Sex
An Alternative Approach to Erotic Incompatibility
Erotic acts vs. erotic themes: The importance of shifting our focus.
Posted May 3, 2021 Reviewed by Ekua Hagan
Key points
- Initial erotic incompatibility does not guarantee that sex will be unsatisfying.
- Focusing on erotic themes may allow for more erotic creativity within relationships.
- It is important to not just discuss the erotic acts we enjoy, but why we desire them.
It is easy to fall into the trap of believing that mismatched kinks or desire discrepancies mean that sexual and erotic compatibility cannot be achieved. The idea that erotic synchronicity must exist in relationships is not only unrealistic but problematic. As humans, we approach sex and intimacy with a perspective fueled by a unique history that has formed our erotic identity over many years, even decades.
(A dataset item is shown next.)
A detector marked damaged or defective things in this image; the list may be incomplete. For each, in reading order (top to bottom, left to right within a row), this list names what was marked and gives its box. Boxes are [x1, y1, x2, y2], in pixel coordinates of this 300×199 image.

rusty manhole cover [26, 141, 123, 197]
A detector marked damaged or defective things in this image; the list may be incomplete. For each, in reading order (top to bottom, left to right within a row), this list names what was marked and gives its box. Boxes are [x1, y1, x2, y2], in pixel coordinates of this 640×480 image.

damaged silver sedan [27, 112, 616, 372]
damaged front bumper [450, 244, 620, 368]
I like to look at our erotic identities like I do dancing. When we begin our journey of erotic exploration, similar to when we first begin to move our bodies to music, we act on instinct. We move in a way that simply feels right, without any influence of what is good or bad or even acceptable. As we get older and see the way that others dance, perhaps reflected in the media or described in conversations, our style begins to shift. Slowly, as we have new experiences, our style of dance begins to change. We learn techniques and new skills from partners, and eventually, we become a product of all of our nuanced experiences. Perhaps we may even get so used to one style that it becomes challenging to find the rhythm when a new partner is introduced.
Naturally, we find that some dance partners fit better with our style than others, and we may even find that one style is our favorite and we, therefore, adjust our expectations to ensure that we only have one type of dance partner for the rest of our lives. Of course, dance and intimacy have many differences and where we can easily move out of the dance metaphor and into reality is when feelings get involved.
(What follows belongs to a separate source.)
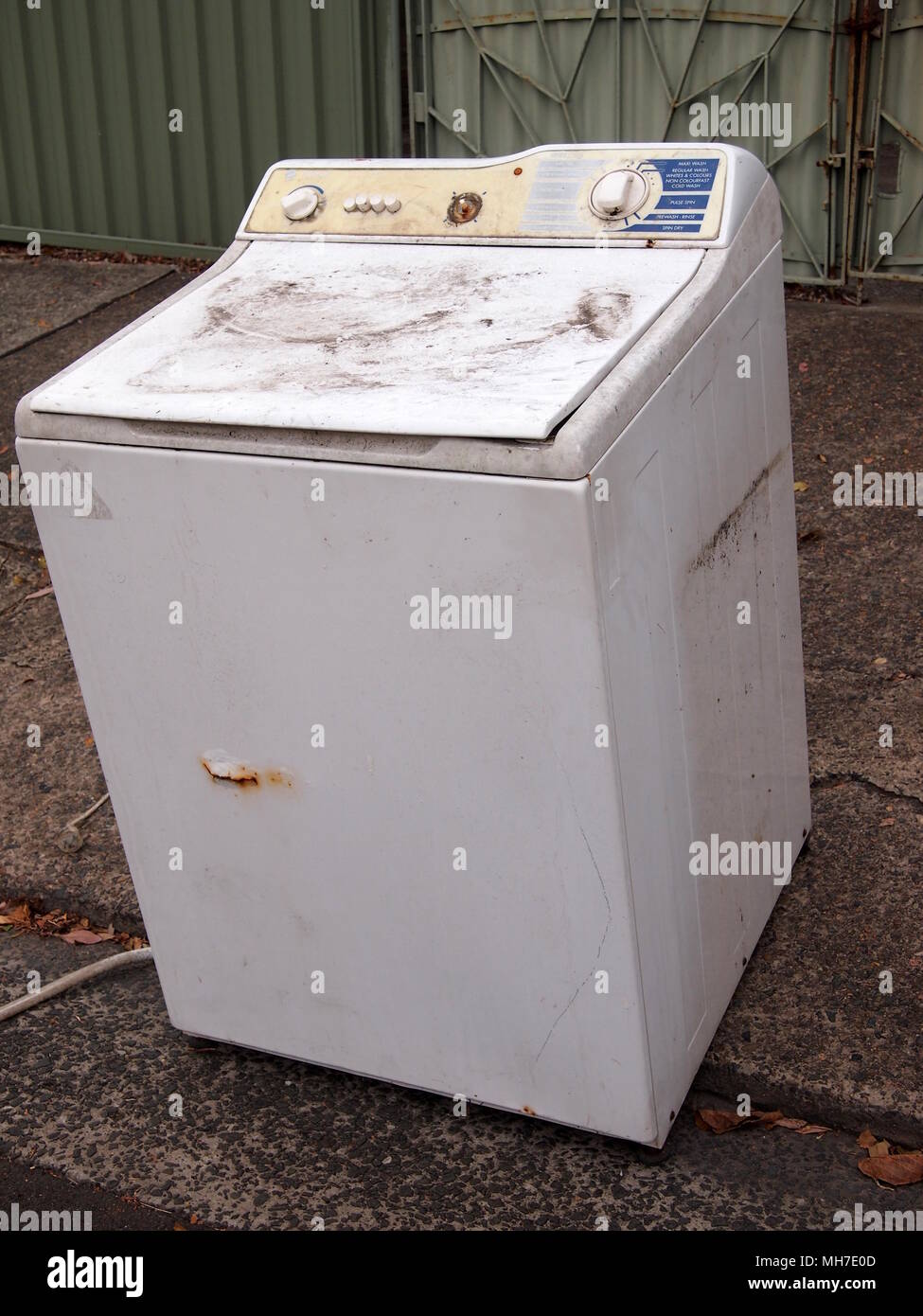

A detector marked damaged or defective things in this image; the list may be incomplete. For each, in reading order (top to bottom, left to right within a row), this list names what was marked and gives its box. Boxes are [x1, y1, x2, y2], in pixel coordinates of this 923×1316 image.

rust stain [200, 757, 293, 784]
Approaching erotic incompatibility
Often our desire for our partners is so strong that we desperately crave erotic compatibility when it may not initially be there. It is entirely possible that we can share love and respect and deep hunger for our partner, but when we hit the sheets, we are entirely out of sync. While there certainly can be instances where erotic compatibility cannot be achieved, I believe there is an often overlooked way of approaching erotic incompatibility, which may allow for positive movement towards more satisfying erotic encounters. A heavy focus on desired erotic acts and how both partners are not on the same page may hinder growth. I suggest that when couples stumble across an incompatibility, they shift towards exploring their erotic themes.
Erotic themes vs. erotic acts
So, what is an erotic theme? An erotic theme is the accumulation of our desires that pervade our erotic expressions. It is the fuel that lights us up erotically and manifests in our behaviors and actions. It is the underlying influence that encourages us to seek out specific behaviors and pulls us towards our wants and needs. It is not the fact that we are aroused by something but is the source of the arousal. Our erotic themes influence our erotic behavior, which results in the expression of an erotic act.
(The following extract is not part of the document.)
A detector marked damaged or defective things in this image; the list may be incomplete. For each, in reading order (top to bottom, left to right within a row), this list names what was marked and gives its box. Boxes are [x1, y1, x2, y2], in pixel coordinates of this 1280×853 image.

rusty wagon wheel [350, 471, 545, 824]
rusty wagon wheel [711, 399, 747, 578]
An erotic act is quite literally an act that is completed, or in some cases, only attempted. It is simply an expressed behavior. It is common to ask our partners what acts they are interested in or what act they enjoy, but what is often overlooked is the question of why we enjoy those particular acts or what draws us to choose them. For example, an erotic act in a kink space may be being spanked by your partner, but this act is very different than the erotic theme.
Discovering and communicating erotic themes
If we create a list of the acts we enjoy, there may be a theme among them. Perhaps there is a theme of being in positions where we feel more in control. Maybe it is just the opposite, and we desire to have that control relinquished. Discovering and communicating these themes is necessary to begin the process of creatively integrating new solutions to problems of incompatibility.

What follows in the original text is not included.